I can remember the first time I saw the Blue Earth Area High School.
I was pretty impressed.
It looked pretty new.
Shortly after I became the editor of the Faribault County Register, I was given a tour of the facility and I was even more impressed.
It seemed to be well planned out and very functional.
The commons area, leading one way to classrooms, another way to the arts, and a third way to the gymnasium looked very well thought out.
Same thing for the media center and the way it is centrally located with classrooms surrounding it.
Very innovative, I thought. Students always have access to the media center from many of the classrooms.
Reminded me a little of a college atmosphere.
Instead of the library being tucked away in a corner somewhere, it is right in the center of everything.
Makes a lot of sense. And, it is one of many things about the BEA High School which made me think the facility was not very old.
Since then I have learned the building isn't really new. It is actually 20 years old.
But, it has stood the test of time well. Like me, people who see it for the first time wonder if it isn't a new facility.
It isn't. But as the front page story details, it is at least all paid for.
Probably when voters said OK to a 20-year bond referendum to build it, 20 years seemed like a long time down the road.
Sort of like home buyers taking out that 30-year mortgage and thinking they will be making payments forever, and then suddenly one day it is paid off.
Anyway, I wasn't around here 20 years ago, but I think a tip of the hat is due to those who were here and worked on the school project.
I would think it wasn't easy.
I'm sure it took a lot of hard work, gumption, guts, foresight and some excellent negotiation skills to get it done.
Kudos to anyone involved.
Here are some fun and interesting facts I discovered while doing the research on the BEA High School. Well, I find them interesting anyway.
Did you know:
It took 3,200 cubic yards of concrete to build the school, enough to fill 11,753 55-gallon drums.
There are 70,000 bricks and over 150,000 concrete blocks used in the school. That would be enough to pave a bicycle trail from here to St. Peter.
There is 74,000 pounds of sheet metal in the ceilings for duct work, or enough metal to make 1,924,000 soda pop cans.
There is 630 tons of stone ballast up on the roof to hold the rubber sheet roofing in place.
The truss girders in the gym span 123 feet, are eight feet deep and each weigh 18,000 pounds.
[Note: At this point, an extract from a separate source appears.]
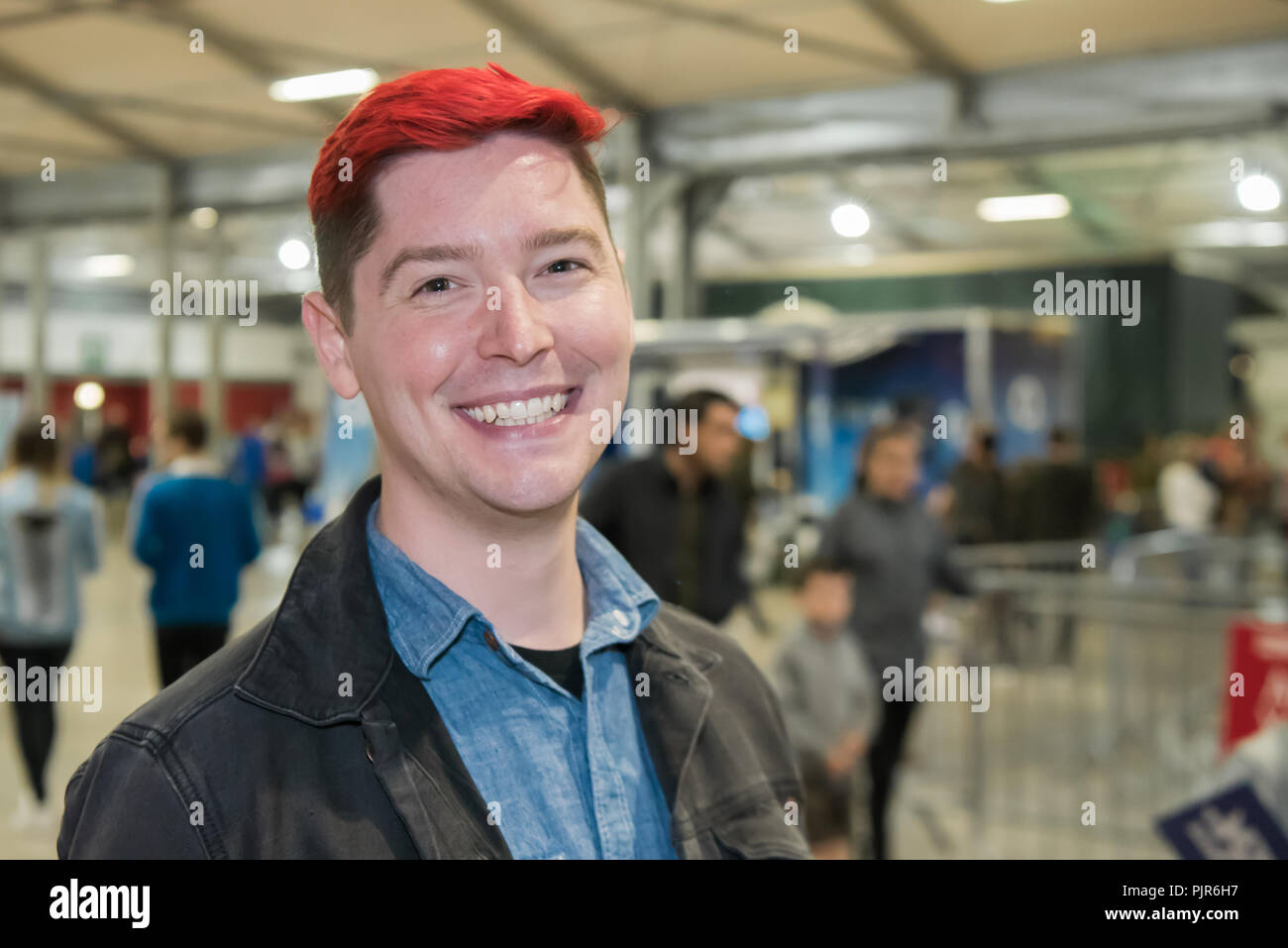 Lisburn, Northern Ireland. 08/09/2018 - Chad Ryan Johnson (OMGChad), a video blogger who hosts the Minecraft Vlog OMGCraft and the weekly video podcast Giz Wiz, with his characteristic red hair attends a Minecraft conference in Northern Ireland Stock Photo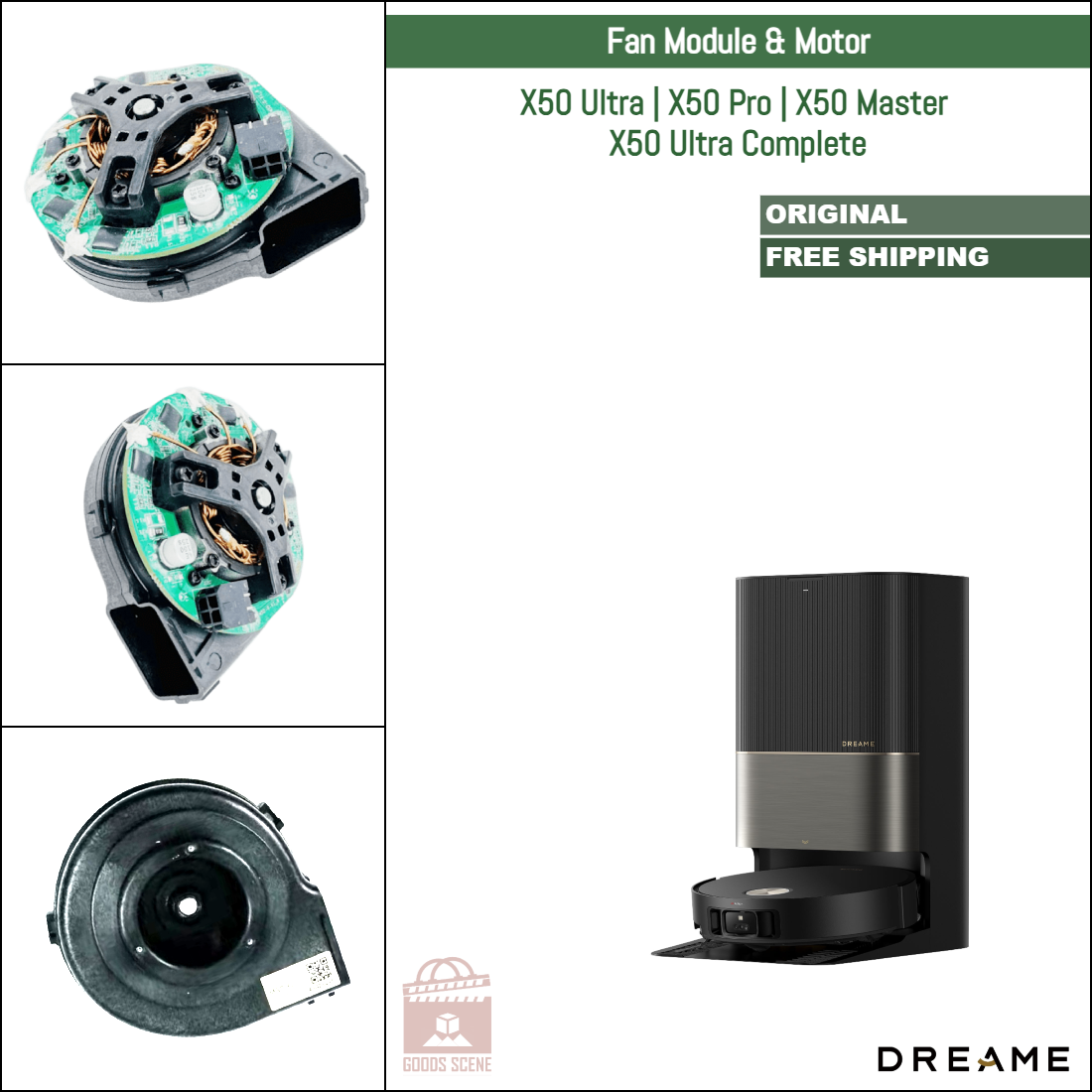 Dreame X50 Ultra, X50 Pro, X50 Master, X50 Ultra Complete | Original Spare & Repair Parts: Fan Motor Module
The girder in the Performing Arts Center (PAC) is 96 feet long, eight feet deep and weighs 28,000 pounds.
There are 234 tons of coolant used in the air system, which is enough to air condition 117 typical-sized homes.
There is over 75 miles of copper wire in the building, to run the security, fire alarm and sound systems as well as for low-voltage power.
There are 794 athletic lockers, 606 student lockers, 572 seats in the PAC, 30 toilet stalls and 128 chalk/marker boards in the school.
Or at least there were when it was built 20 years ago. The chalk and marker boards are probably all being replaced by Smart Boards.
Same thing for the computer lab in the media center.
It was touted as one of the most up-to-date in the state when the school opened in 1994.
But, pictures show it as having computers that we now consider as obsolete and we call them 'boat anchors.'
Luckily the BEA School Board has done an excellent job of keeping up with technology and maintaining an up-to-date computer lab.
Back in 1994 the school also listed having a pay-phone installed for the students to use.
Do kids these days even know what that is?
While the building has aged a little, its main function has remained the same for 20 years,
Provide a place for the children of the Blue Earth area to receive an excellent high school education.